Area guides are good but they only work for people who have already decided upon a diving destination. If it happens to be a well known destination then the potential market for the book would also be big. For the unknown, lesser dived places it may not sell that much. For such areas I was thinking more along the lines of "50 Places to Dive before you Die." Lets say that if I have 4000 bucks to blow on a dive trip then I would like to compare whether I should go to Alaska or the Canadian North Atlantic. That I think is the kind of book that would open a lot of new places to people who are seeking to invest in their next dive trip. Even dive magazines like Sport Diver have gotten so boring because they only talk about those Bonaire, Cozumel and places that every diver already knows about.

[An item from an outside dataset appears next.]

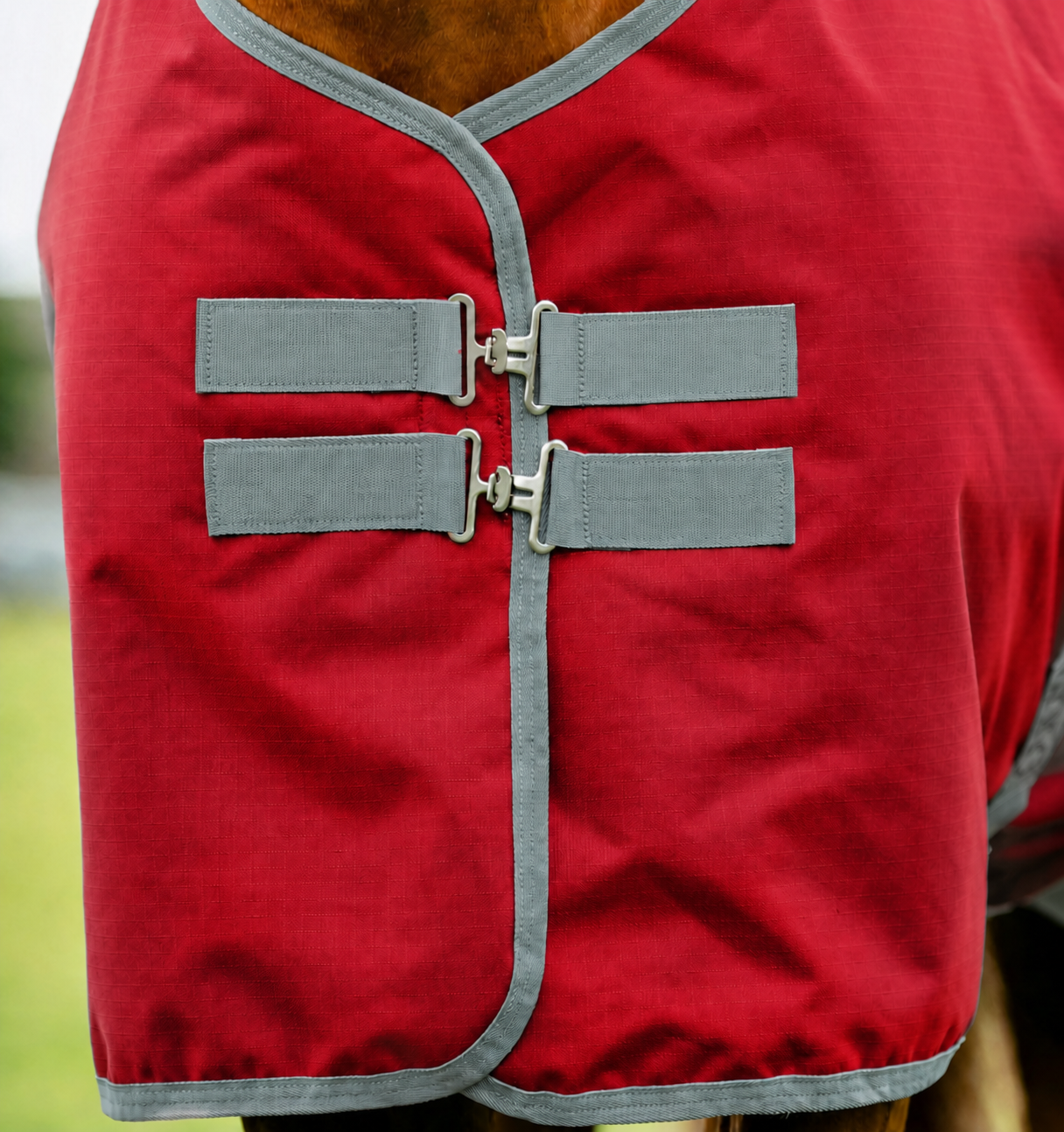 Red horse rug front closure hardware detail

My previous book was not related to diving or travel. It sold a lot but like you said first time authors seldom become rich. But its sale gave me international recognition in Universities, colleges etc. The value of my resume as a journalist also went up so indirectly I benefitted a lot. It also resulted in certain academic and professional connections that later proved to be very helpful in my work. With this book I wont be looking to make big bucks. Instead it would be an opportunity to satisfy the urge to write because nowadays journalism is TV based. I am hoping to make friends and contacts in dive industry and dive places that are not well known. For dive operators it would be an opportunity to advertise their business and for the rest of the folks, if this book can make it on someones shelf and help him / her decide where to dive next I think that is enough for me.
 
The best dive guide book I have ever read is sitting in my storage bin in Pennsylvania. I can't remember the title, but something like Dive Bali. I'm sorry I can't properly credit the author—I can't find it on Amazon. What made it such a good book is also the reason I can't find it on Amazon: it had such a narrow scope that its potential audience was small. Dive Indonesia probably sells a lot more, and Dive Southeast Asia even more. But the author of Dive Bali had lived and dived there for years, and he thoroughly knew the sites, the currents, the hazards, the seasons, the wildlife, etc. So I could read that book and wade in. That's what I want from a dive guide book (or a dive guide, for that matter). I say, limit the scope of your book to what you can cover in depth. You won't get rich, but authors generally don't. It'll be a book to be proud of, though.


We have one like that for local shore diving, called "Northwest Shore Dives" by Stephen Fischnaller. It's the gold standard for local diving, and almost everyone I know who dives here owns it.